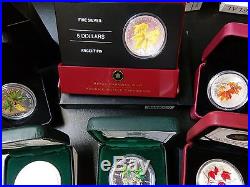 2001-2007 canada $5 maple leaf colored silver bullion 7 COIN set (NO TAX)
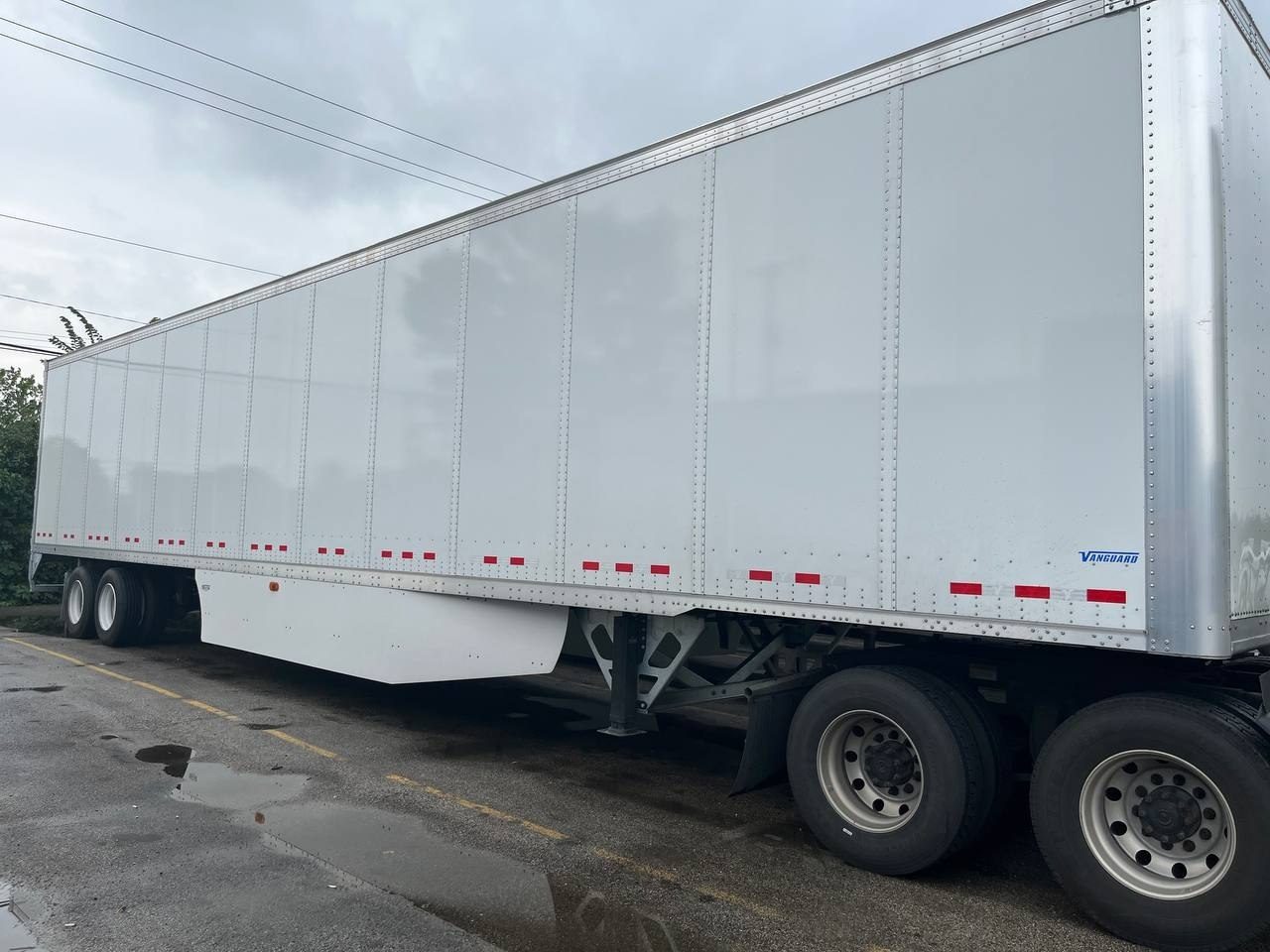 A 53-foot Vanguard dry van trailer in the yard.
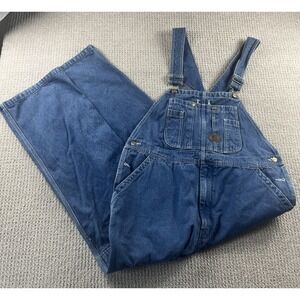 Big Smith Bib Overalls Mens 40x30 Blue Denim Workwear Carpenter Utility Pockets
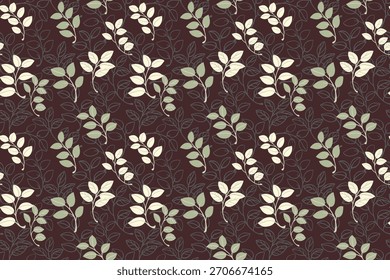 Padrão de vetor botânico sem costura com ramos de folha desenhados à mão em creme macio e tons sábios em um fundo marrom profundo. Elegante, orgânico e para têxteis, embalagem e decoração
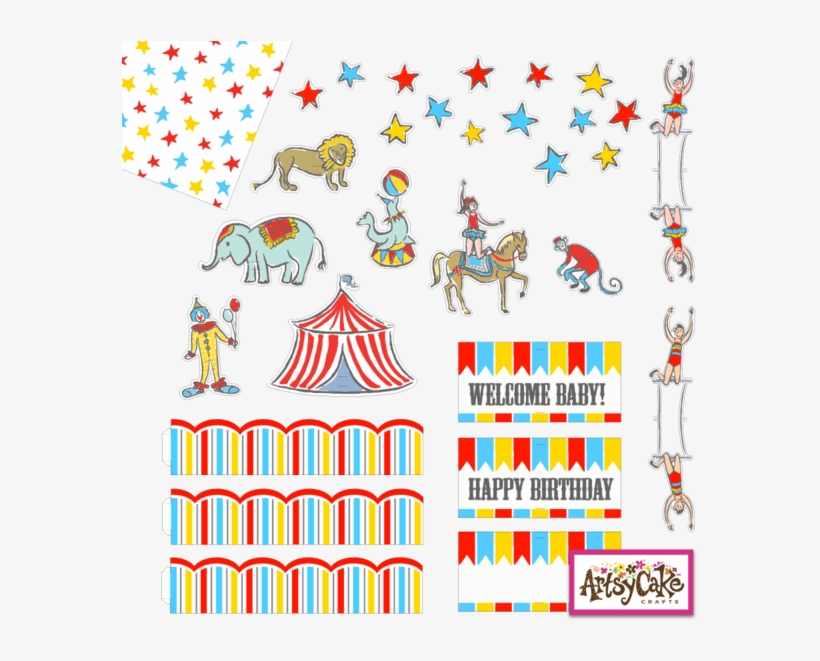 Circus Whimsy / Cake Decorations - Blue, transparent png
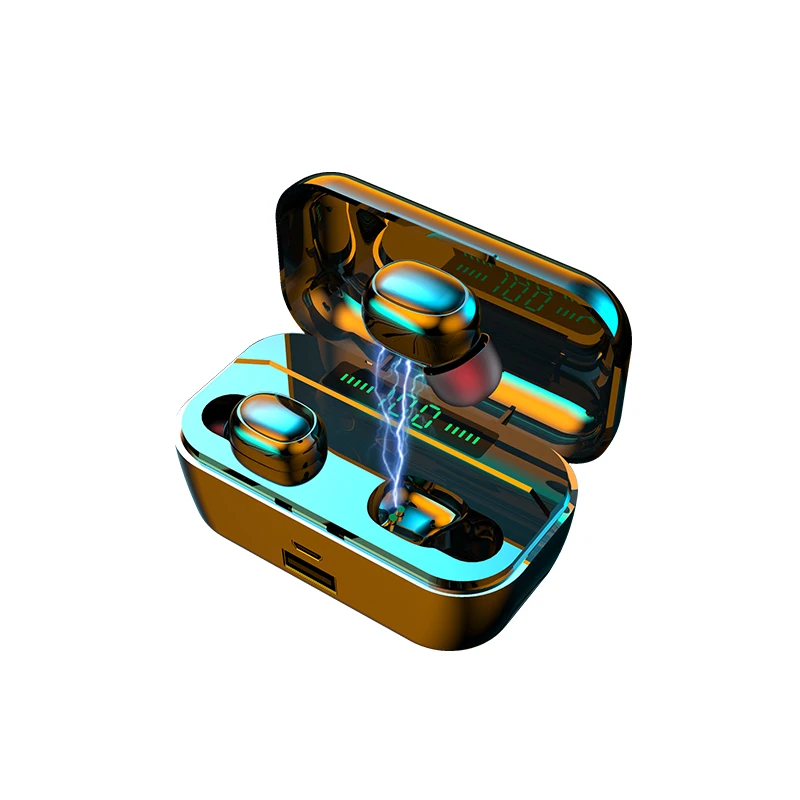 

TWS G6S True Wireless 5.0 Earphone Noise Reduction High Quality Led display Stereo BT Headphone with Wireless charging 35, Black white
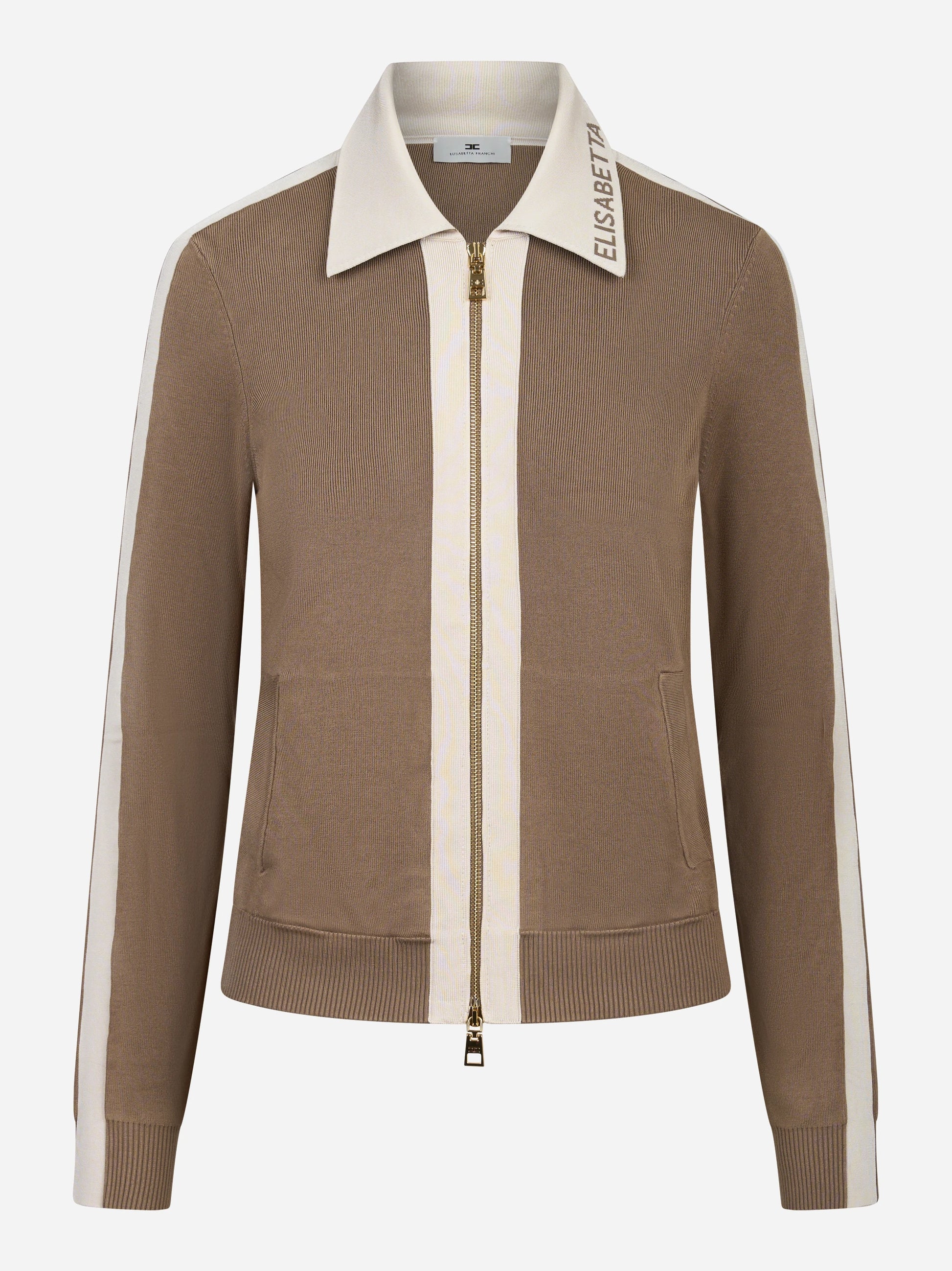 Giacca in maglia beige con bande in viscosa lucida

..........

• [Brief]: Please output all the records above exactly, leaving out every picture.

• [Expected output]:
 2001-2007 canada $5 maple leaf colored silver bullion 7 COIN set (NO TAX)
 A 53-foot Vanguard dry van trailer in the yard.
 Big Smith Bib Overalls Mens 40x30 Blue Denim Workwear Carpenter Utility Pockets
 Padrão de vetor botânico sem costura com ramos de folha desenhados à mão em creme macio e tons sábios em um fundo marrom profundo. Elegante, orgânico e para têxteis, embalagem e decoração
 Circus Whimsy / Cake Decorations - Blue, transparent png

TWS G6S True Wireless 5.0 Earphone Noise Reduction High Quality Led display Stereo BT Headphone with Wireless charging 35, Black white
 Giacca in maglia beige con bande in viscosa lucida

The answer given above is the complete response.